But sometimes families just get tired of it all, especially the risks for family members who had nothing to do with the dispute except be related by blood to someone directly involved. The peace makers also see the wider benefits of compromise, such as the stability that can lead to economic opportunities. Rido is a well-known word in Mindanao for feud; but much less familiar is the term kanduli, which means festive occasion for making peace, among other reasons. In places wracked by rido, the occasional kanduli can result in radical changes.
For years, tensions between the Mangudadatu clan of Buluan and the Paglas family of the adjoining Datu Paglas municipality threatened to erupt into armed confrontations.
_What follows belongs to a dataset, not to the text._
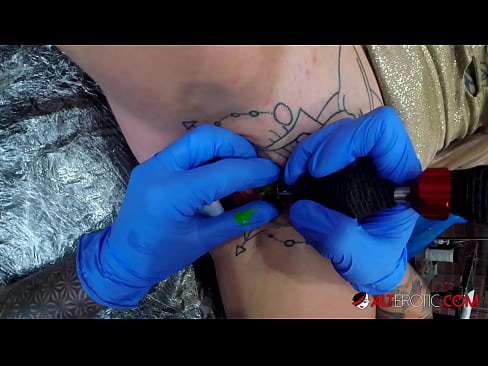❤️ Keçika pir tattookirî Sully Savage tattooek li ser klîtorê xwe kir. Pornoya hişk li me ☑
In early January, elders from both sides met over a kanduli and agreed to ease the hostility.
"Kinausap namin sila, at nakiusap din sila sa amin na kung pupuwede hintuin na natin ito kasi walang nadadamay kung hindi maliliit na tao (We talked to them, and they also asked us if it were possible to stop feuding because the only ones who got hurt were the innocent and the powerless)," said Totoy Paglas, his town's two-term mayor. "E kami, nagkikita kami sa labas, parang wala lang sa amin. Pero pag nandito, nagaaway-away kami (We'd see each other outside, and everything would be fine. But once we were here, we'd fight)."
The mayor was driving our team around Datu Paglas as he talked, perhaps the only politician in these parts who drove himself and without any escorts. His municipality, named after his grandfather, had become known outside Mindanao as having remained peaceful even during the height of the government-MILF war of 2000 that raged in the towns around it.
Mayor Paglas didn't have a complex explanation for the general safety in his town's streets: constant dialog involving elders, initiating compromise, and livelihood. "Ang talagang nakapagbago sa isip ng mga tao dito nung una yung pagdating ng National Irrigation Administration, noong ma-implement yung irrigation sa amin (What really changed the way people thought here was the coming of the National Irrigation Administration, when irrigation came to our place)," he said. "Nawala na yung gulo-gulo... nakapagtrabaho lahat ng tao (Trouble disappeared…all the people had work)."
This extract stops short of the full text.